§ **PROMPT**
Output only the lines from the line holding "Röntgen-Röntgen-Vektorillustration Pelvis und" through the close of the records, exactly as they appear, with all pictures omitted.

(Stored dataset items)
+---+
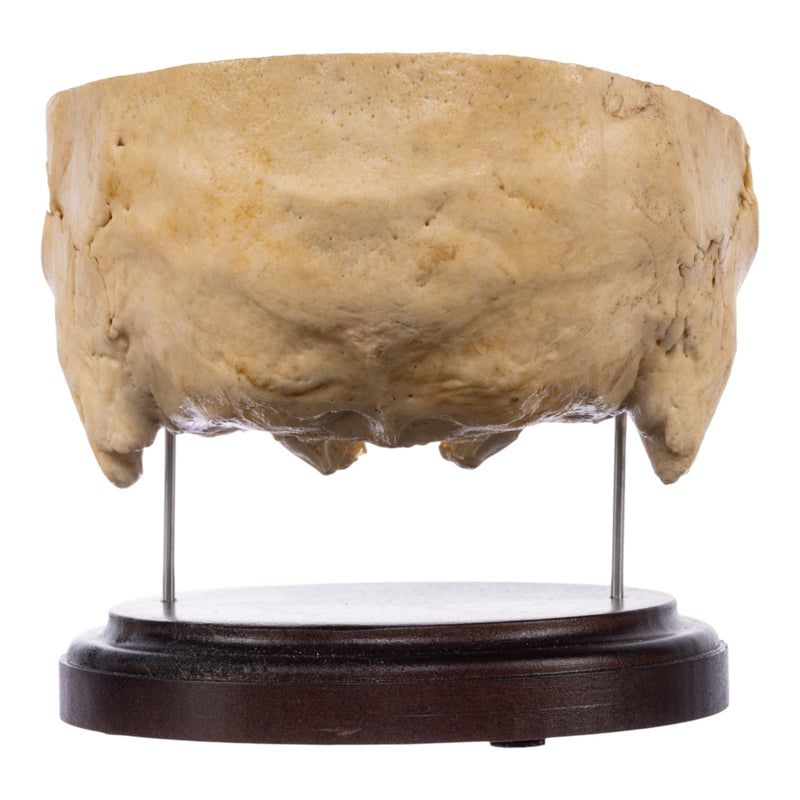 Real Human Partial Skull on Stand
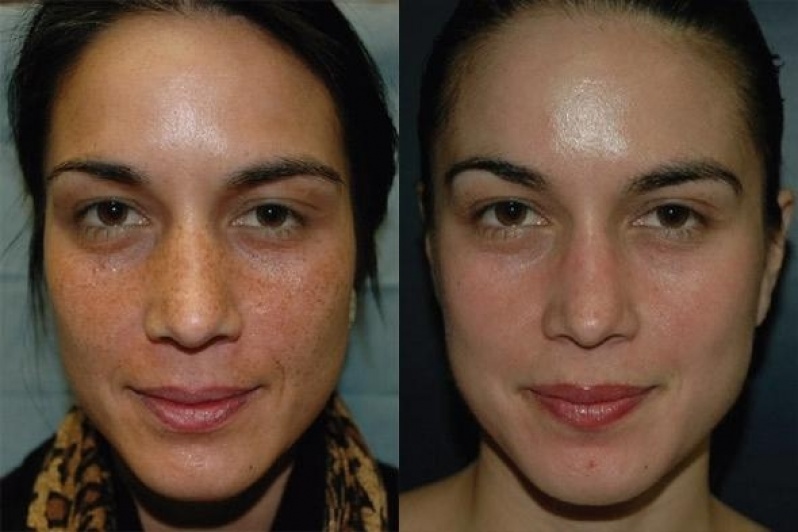 Tratamento Facial para Cicatrizes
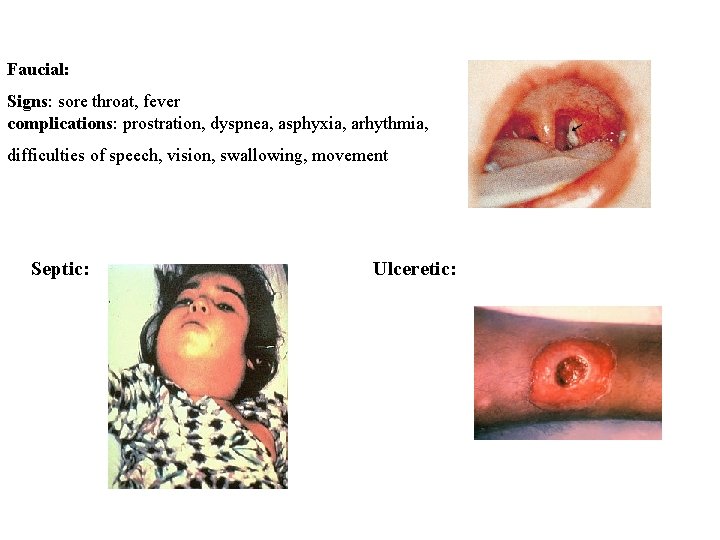 Faucial: Signs: sore throat, fever complications: prostration, dyspnea, asphyxia, arhythmia, difficulties of speech, vision,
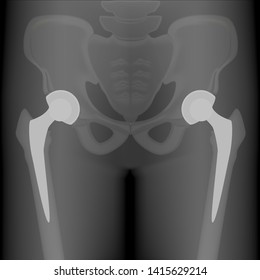 Röntgen-Röntgen-Vektorillustration Pelvis und Hip-Gelenk, Bilateraler Hüftersatz. Für Werbung und medizinische Publikationen.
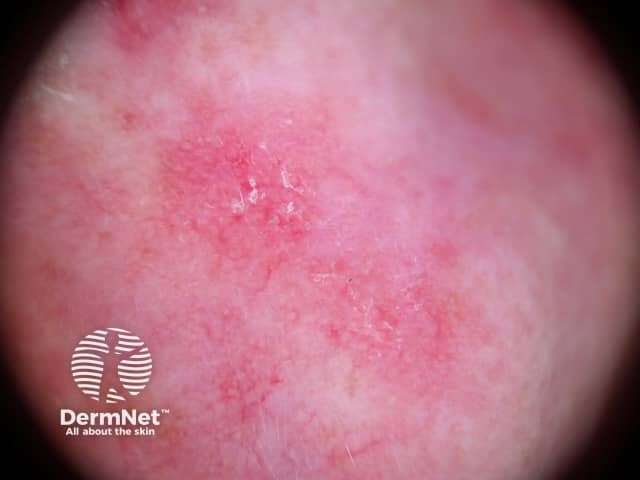 Actinic Keratoses affecting the face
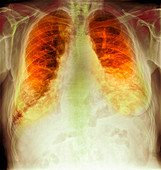 Pulmonary fibrosis, X-ray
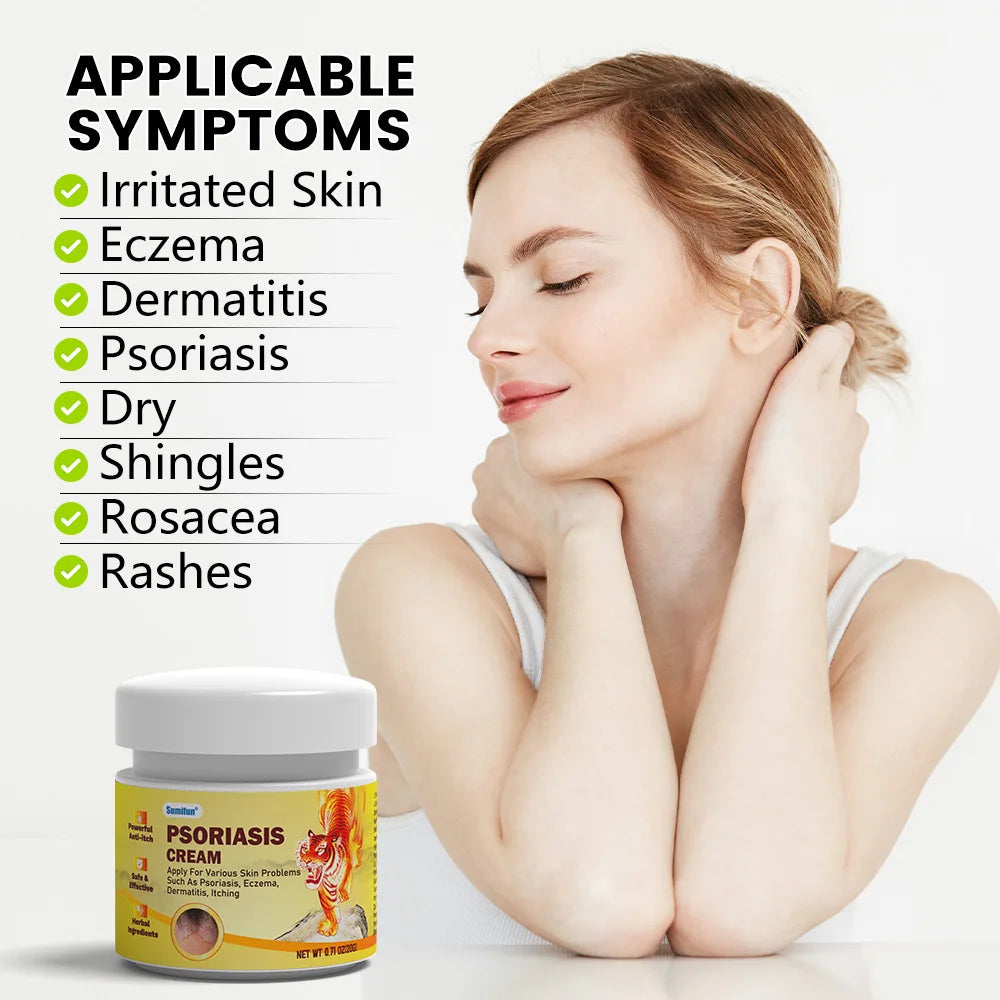 كريم علاج فطريات التينيا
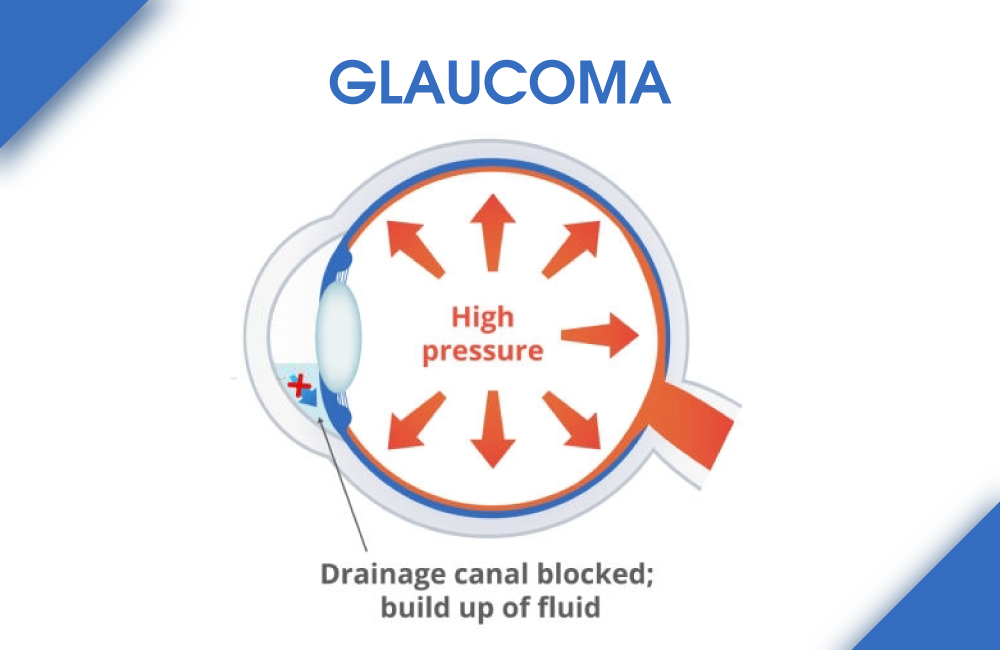 drkmh blog glaucoma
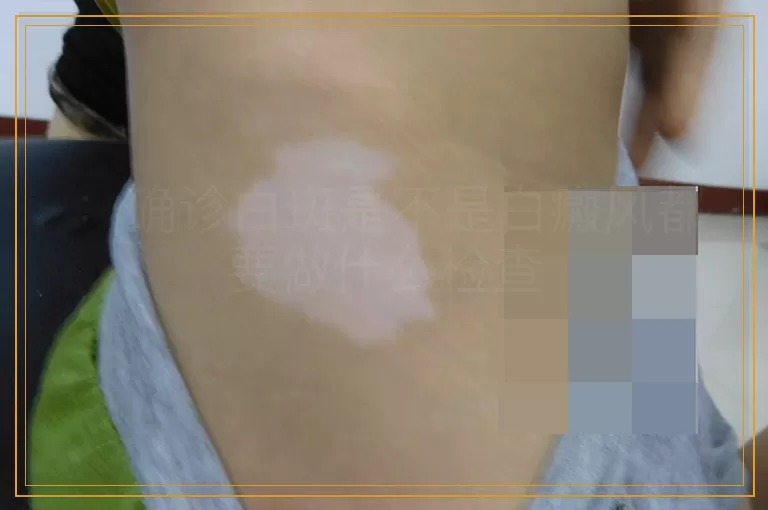 ：确诊白斑是不是白癜风都要做什么检查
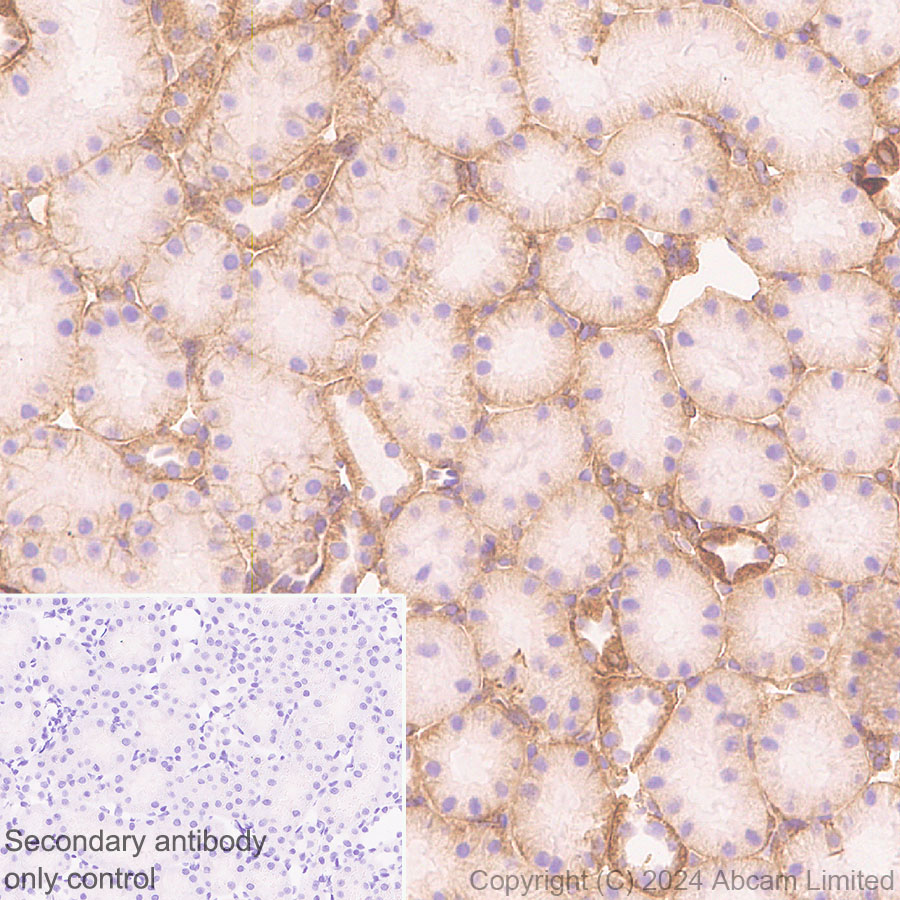 Immunohistochemistry (Formalin/PFA-fixed paraffin-embedded sections) - Anti-Integrin beta 1 antibody [RM1259] (AB322405), expandable thumbnail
+---+
§ **FINAL ANSWER**
 Röntgen-Röntgen-Vektorillustration Pelvis und Hip-Gelenk, Bilateraler Hüftersatz. Für Werbung und medizinische Publikationen.
 Actinic Keratoses affecting the face
 Pulmonary fibrosis, X-ray
 كريم علاج فطريات التينيا
 drkmh blog glaucoma
 ：确诊白斑是不是白癜风都要做什么检查
 Immunohistochemistry (Formalin/PFA-fixed paraffin-embedded sections) - Anti-Integrin beta 1 antibody [RM1259] (AB322405), expandable thumbnail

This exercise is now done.